The sharp rise of affordable online clothing retailers hit the brand hard in the 2010s. It was already struggling to compete with high-street retailers like Primark and Zara. A slow and error-riddled attempt to launch its own online store meant it fell out of favour with a new generation of shoppers.
Back in the game
The company became profitable again in late 2021 following a strategic overhaul. Then, when Steve Machin took over as CEO in 2022, its fortunes took off. In May this year, it posted a 58% rise in annual profits, prompting the shares to rally by almost 10%.
But it’s not in the clear yet.
A partnership with delivery firm Ocado was meant to boost profits but sales failed to materialise, resulting in missed targets. When M&S withheld a final payment, Ocado threatened to sue.
A recent boost in sales may help smooth things over but the future is uncertain. Seeking out a new delivery solution could be expensive and disruptive. With things on the up, the last thing it needs now is to upset the apple cart.
Growth and dividends
Using a discounted cash flow model, the shares are estimated to be undervalued by 37%. With earnings forecast to grow 22%, M&S sports an attractive forward price-to-earnings (P/E) ratio of 12.8. That’s down from a trailing P/E of 15.8.
But even more impressive is its huge sales boost recently. With £13bn in sales compared to a £6.8bn market cap, its price-to-sales (P/S) ratio is only 0.5. That’s a promising figure.
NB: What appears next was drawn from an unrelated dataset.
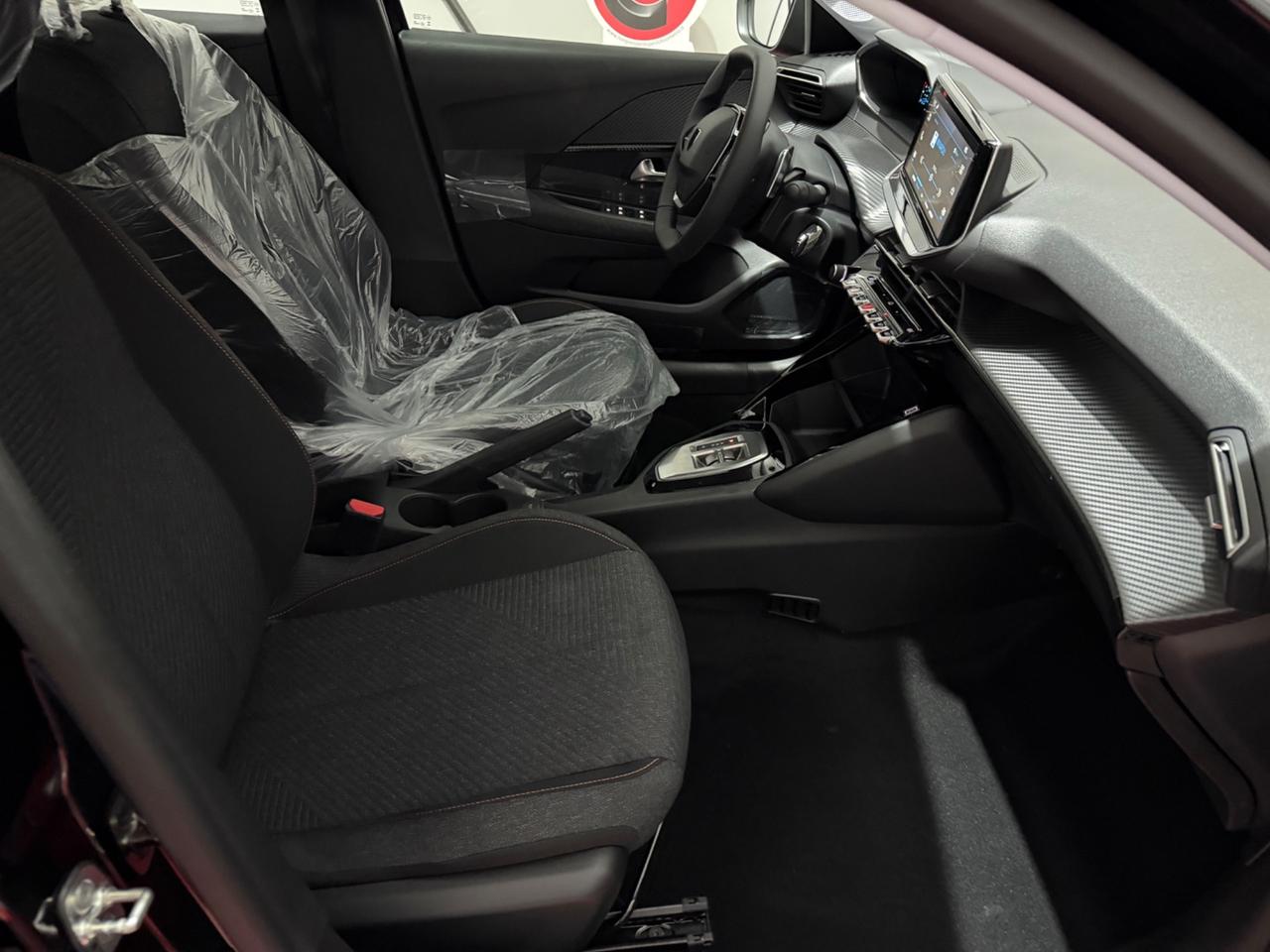 Peugeot 208 Hybrid 110 e-DCS6 Business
Dividends were reinstated this year but are negligible. After being reduced in 2019 and again in 2020, they were cut altogether. Now they’re back at 3p per share. A positive sign but far from 2018’s dividend of almost 18p. For now, the 1% yield offers little value but if growth sustains, it could get back to the 6% average it held before 2020.
All things considered, the pros outweigh the cons for me. It’s hard to ignore the impressive recovery the company has achieved over the past few years.
From a long-term perspective, I’m optimistic about the company’s prospects.